What needs to be done →
Would you please return the lines of the entries below starting at the line that has "Lion Air eTicket" and ending at the line that has "Film patent icon", both included, exactly as they are?

Given information →
+ + + +

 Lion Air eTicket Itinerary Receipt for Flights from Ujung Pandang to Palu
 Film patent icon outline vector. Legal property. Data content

+ + + +

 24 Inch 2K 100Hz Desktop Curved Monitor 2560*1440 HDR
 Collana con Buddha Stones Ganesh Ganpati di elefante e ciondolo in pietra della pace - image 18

+ + + +

Solution for this exercise →
 Lion Air eTicket Itinerary Receipt for Flights from Ujung Pandang to Palu
 Film patent icon outline vector. Legal property. Data content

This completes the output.